Quando sento di un ragazzo che si suicida “in quanto omosessuale” perché non accettato “dalla società” in cui vive, non posso che provarne un senso di sconforto, di scoramento, di vertigine.

E' questa la razza umana ? E' davvero così cattiva e criminale la razza umana ? E' così violenta da poter spingere un ragazzo al suicidio ? Spesso la rispostà è: sì. Non è forse questa la vera origine della crisi nella quale stiamo vivendo, che è prima di tutto una crisi di umanità ?

Sono cose che mi chiedo da anni. Poi riprendo a fare battaglie, a non smettere di lottare contro la stupidità e l'ipocrisia umana. Contro i rompipalle che non hanno altro da fare se non giudicare l'orientamento sessuale altrui, il pensiero, il comportamento, le opinioni, la famiglia. Sei di buona famiglia ? Allora vai bene. Non lo sei ? Allora sei guasto.

Mi dicono che, solo qualche giorno fa, in un paesino della provincia di Potenza un ragazzo gay si è suicidato gettendosi dalla finestra. Me l'ha detto uno dei suoi più cari amici. Mi ha detto che G. V. subiva le angherie di molti, di troppi (persino di un autista di autobus che lo avrebbe invitato a scendere, in quanto gay) e che la sua fragilità interiore lo ha portato a...

Nonostante la sua solarità e la sua voglia di vivere.

Scopro che i media non ne hanno parlato, che è bene mantenere tutto sotto riserbo. Mi scende una lacrima. Penso che la stupidità, la grettezza mentale e l'omofobia siano un crimine contro l'umanità. Penso che, se esiste un'umanità così, allora significa che è un'umanità criminale, pericolosa socialmente.

Penso che, se fra i valori umani esiste l'amore per il prossimo, queste cose non dovrebbero mai più accadere. Evidentemente questo valore non esiste, oppure è scaduto, oppure non frega a nessuno. Evidentemente siamo condannati.

Oppure no ?

Qualcuno mai vuole imparare ad alzare la testa ? Qualcuno là fuori, dico. Nei paesini più sperduti dello Stivale e dell'Europa. Nelle aule di tribunale, nei Parlamenti ed all'interno dei Governi che – evidentemente – se ne fregano ?

Ci siete razza di cacasotto che se in Italia arrivasse la dittatura lecchereste il culo del nuovo Leader Maximo come avete sempre fatto ???

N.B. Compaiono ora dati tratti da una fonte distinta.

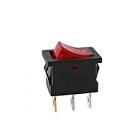 Кнопка квадратна маленька червона на 3 контакти 2 положення 6-10A, фото 1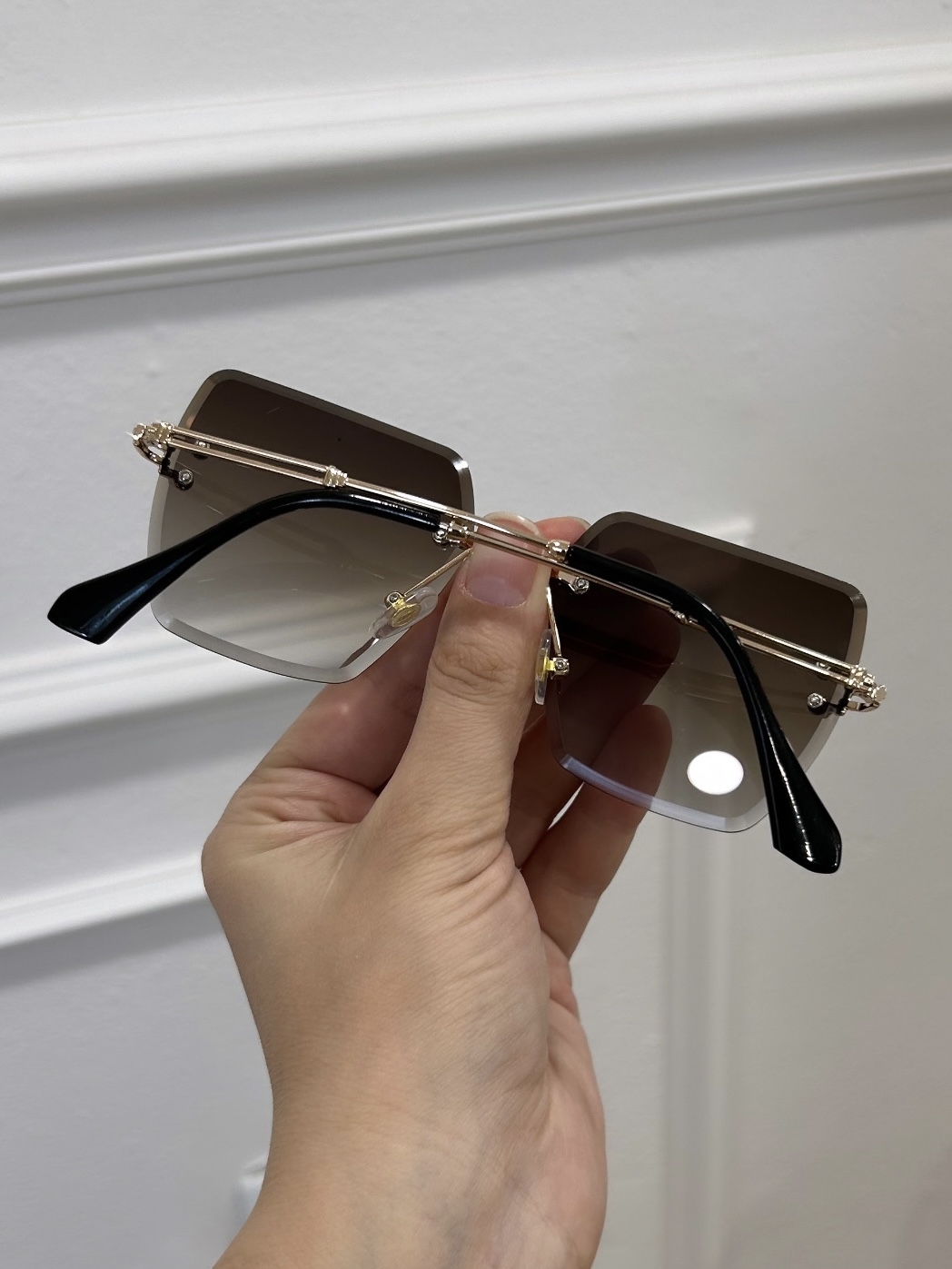 Kare Kristal Kesim Güneş Gözlüğü Kahve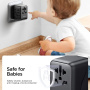 JOYROOM JR-TCW01 универсален адаптер за пътуване с USB-C / 3x USB-A портове и прибиращи се щепсели - 17W - черен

Vogliamo fare qualche cosa contro la stupidità e la violenza che ci attanaglia tutti quanti ???

Oppure vogliamo morire. Morire di inedia. Morire perché privi e privati della consapevolezza di amare, di pensare e di combattere ?

Ogni qual volta muore una persona in quanto vittima di soprusi e angherie, in realtà, muore un po' anche la nostra coscienza. Non cerchiamo più alibi o scusanti. Ricordiamocelo !


Luca Bagatin



17 marzo 2014

Sull'eutanasia ed il suicidio assistito. Tolleranza al di là delle leggi

Sa femina accabadora era, nei tempi arcaici, in Sardegna, una figura femminile avvolta in uno scialle nero, chiamata dai parenti al capezzale del congiunto sofferente che stava per spirare. L'accabadora portava con sé un martello di legno, un matzolu, come si dice in gergo sardo, che, una volta al capezzale del morente, dopo averlo accarezzato, gli assestava un colpo secco alla nuca. Tutto, nei tempi antichi, accadeva nel più assoluto riserbo, nella più assoluto rispetto della vita e dunque della morte. Nella più assoluta compassione per il sofferente.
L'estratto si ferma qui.